- Data
>>>

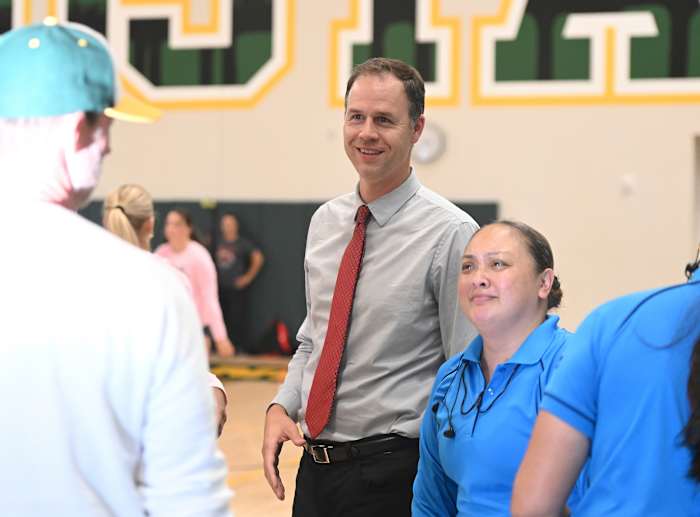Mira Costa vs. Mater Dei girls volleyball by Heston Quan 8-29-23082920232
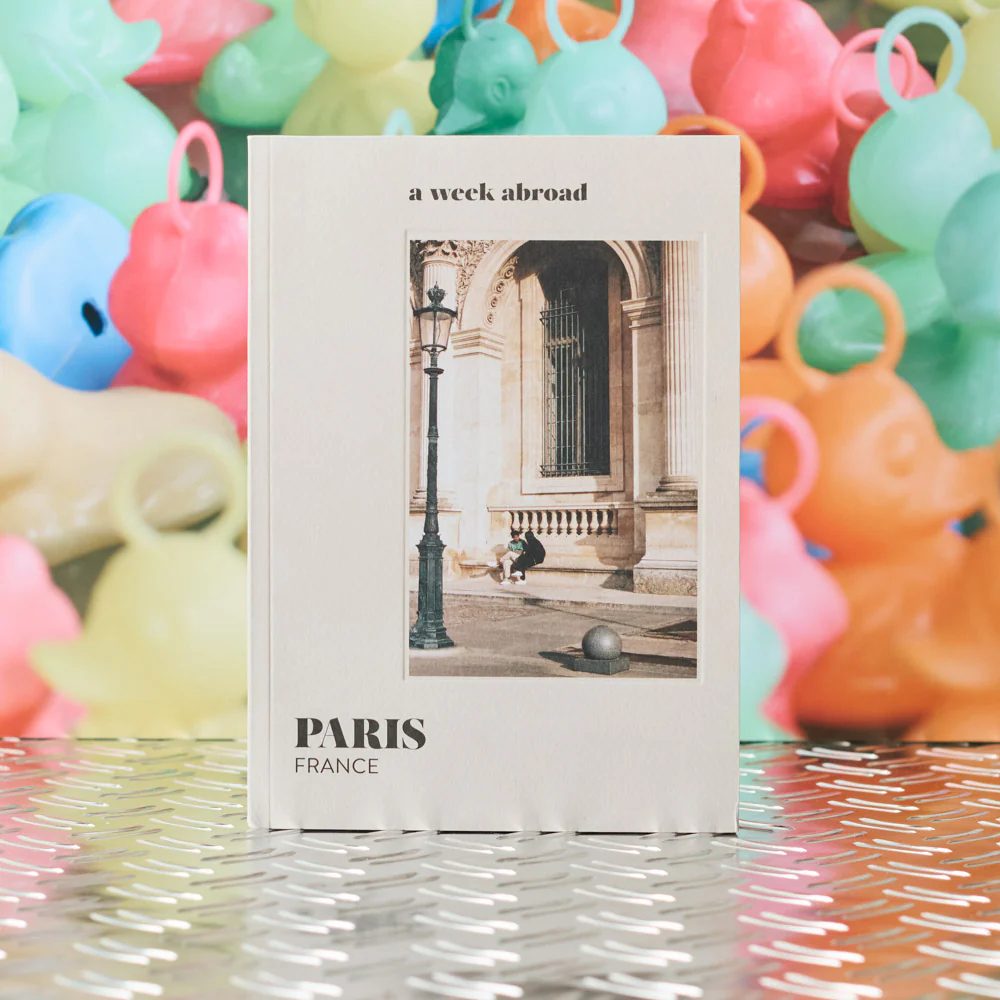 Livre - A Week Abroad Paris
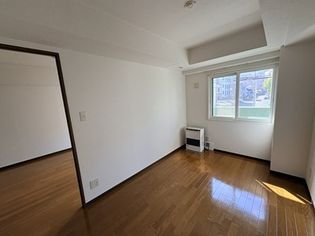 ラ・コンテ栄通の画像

<<<

- Work order
Please return each line of the listing exactly as written, excluding the images.

- Answer space
Mira Costa vs. Mater Dei girls volleyball by Heston Quan 8-29-23082920232
 Livre - A Week Abroad Paris
 ラ・コンテ栄通の画像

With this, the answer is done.